Après plus de vingt mois de silence, Sylvia Bongo Ondimba, épouse de l’ancien président Ali Bongo, et son fils aîné, Noureddin Bongo, ont décidé de s’exprimer.
Dans une déclaration poignante adressée à la presse ce mercredi 3 juillet, ils accusent les nouvelles autorités gabonaises, issues du coup d’État militaire du 30 août 2023, de « détention arbitraire », de « tortures répétées » et de « confiscation illégale de biens familiaux ». « Nous remercions de tout cœur la communauté internationale, en particulier l’Union africaine, de nous avoir sauvé la vie en nous libérant de plus de 20 mois de détention arbitraire », affirment-ils, évoquant un calvaire qui a débuté au lendemain de la chute du régime Bongo.
Un coup d’État aux répercussions familiales
Le 30 août 2023, peu après l’annonce contestée de la réélection d’Ali Bongo Ondimba pour un troisième mandat, un groupe d’officiers dirigé par le général Brice Clotaire Oligui Nguema, chef de la Garde républicaine, a pris le pouvoir à Libreville, invoquant des « irrégularités électorales » et une « gouvernance dynastique ». Ali Bongo, affaibli par un AVC en 2018, a été placé en résidence surveillée. Sylvia Bongo et son fils Noureddin, soupçonnés de corruption et de détournements de fonds publics, ont été arrêtés dès les premières heures de la transition militaire.
Selon leur témoignage, toute leur famille, y compris « un enfant d’un an », aurait été prise en otage et isolée. « Nous avons été humiliés, brutalisés, soumis à des mises en scène mensongères destinées à justifier la prise de pouvoir », déclarent-ils.
Des accusations graves contre le régime en place
Leur témoignage est accablant. La mère et le fils décrivent un régime de détention d’une rare sévérité : isolement prolongé, conditions inhumaines, tortures infligées dans le sous-sol du palais présidentiel, « six étages en dessous des appartements du président Oligui Nguema ». Parmi les méthodes de torture évoquées figurent l’électrocution, la noyade, les coups, les fouets et des pressions physiques et psychologiques extrêmes.
Ils accusent des militaires proches du nouveau président d’avoir orchestré ces traitements et de les avoir contraints à signer la cession de leurs biens, « aujourd’hui partagés entre les proches du pouvoir ». La veille de leur libération, des documents leur auraient été imposés, les contraignant « au silence ».
Des preuves remises à la justice française
Sylvia Bongo et son fils annoncent leur intention de porter leur combat sur la scène judiciaire et médiatique internationale. Ils affirment détenir des « preuves audio et vidéo irréfutables », qu’ils s’apprêtent à transmettre à la justice française.
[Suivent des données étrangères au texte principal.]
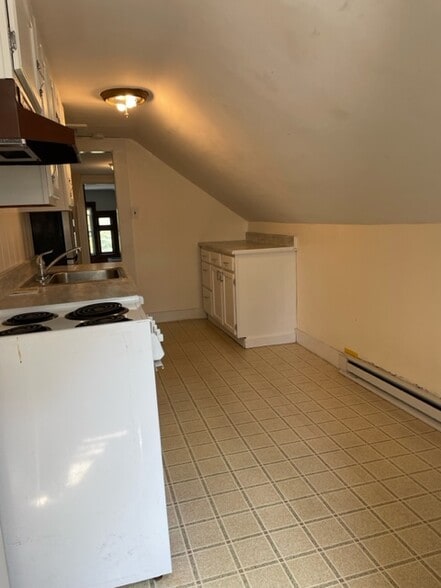 Kitchen - 22 Grove Ave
Parmi ces preuves figureraient des enregistrements d’autorités judiciaires avouant agir sous l’instruction directe du chef de la junte, ainsi que des confessions de militaires impliqués dans des actes de torture.
Leur déclaration dénonce également un « faux procès » à venir, organisé par contumace pour légitimer, selon eux, leur détention passée et la confiscation de leurs avoirs.
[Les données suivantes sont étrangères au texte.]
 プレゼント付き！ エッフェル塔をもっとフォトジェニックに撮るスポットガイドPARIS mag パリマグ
Une rupture dans le silence
Cette prise de parole intervient alors que le régime du général Oligui Nguema cherche à asseoir sa légitimité en promettant des réformes, une lutte contre la corruption et l’organisation d’élections transparentes. Le discours de Sylvia et Noureddin Bongo met en lumière les tensions persistantes autour de l’héritage du clan Bongo, qui a dirigé le Gabon sans partage pendant plus d’un demi-siècle.
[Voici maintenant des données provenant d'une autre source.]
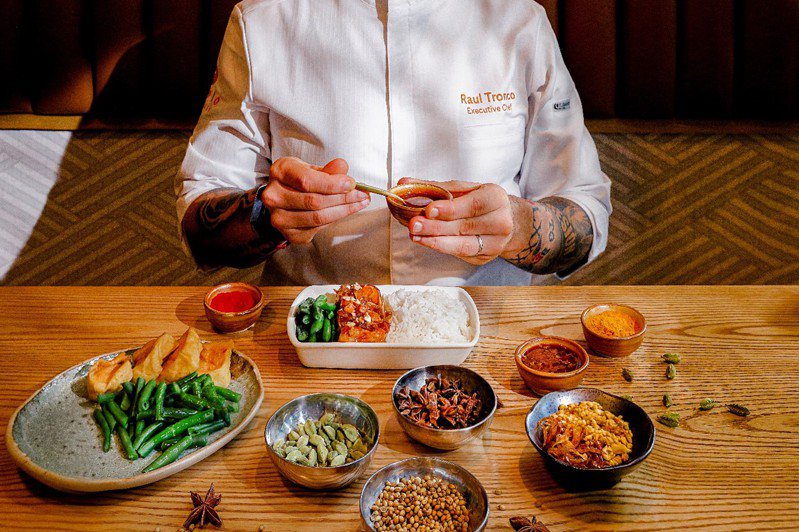 國泰航空攜手香港頂尖素食餐廳 VEDA by Ovolo，為乘客呈獻一系列嶄新素食機上餐膳。國泰航空提供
« Le sort qui a été réservé à notre famille est d’une cruauté criminelle », écrivent-ils. « Nous nous battrons jusqu’au bout pour que vérité soit connue et que justice soit faite. »
Le ministère de la justice gabonais n’a pas encore réagi officiellement à ces accusations graves. Le gouvernement de transition, déjà critiqué pour des atteintes aux droits de l’homme, pourrait voir cette affaire relancer le débat sur l’état de droit au Gabon.